People will typically take advantage of whatever privilege and benefits are inherent to them, women included. Feminism gave women the opportunity to not take a backseat to men in professional, familial, or sexual realms. This is good, because it takes away a lot of that male privilege stuff that keeps women oppressed.

 

The mating game is designed in such a way that men pursue and women allow access. This means that men have to 'work' for women if they want sexual relations, and women simply don't have to do this if they don't want to. Men who don't initiate or pursue rarely, if ever, get laid. Women only need to let the men in who approach them. I'm speaking generally, of course.

 

I say this first because your question wants to know why feminism isn't present in dating. The answer is because if the mating game were to change, or 'equalize' in the way I think your question is asking, it means women would have to initiate and pursue men somewhere to the degree that men do with women now. Basically, women would have to start 'working' more for men. Ha! Can you imagine?

 

Like I said, when any of our lives are set up in a way that works in our favor, we are not going to relinquish that privilege.

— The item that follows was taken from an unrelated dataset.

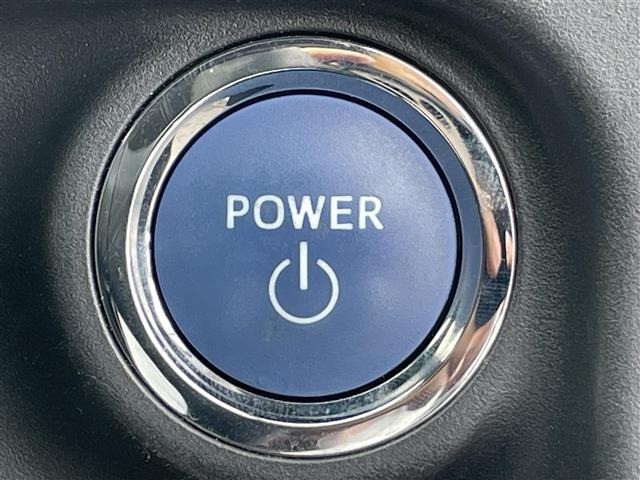 Toyota AQUA 2017 7660661-7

I see no reason why many women would start working MORE for men now, when it has only gotten better for them (men not only pursue them, but now casual sex is quite acceptable). For all of the talk on gender and sex equality that has gone on in the last several decades, I have seen very very little motivation from women around this topic of initiating and pursuing. They're not going to, unless some bizarre shift happens in our culture where they have no choice but to do so. So no, I don't see it changing.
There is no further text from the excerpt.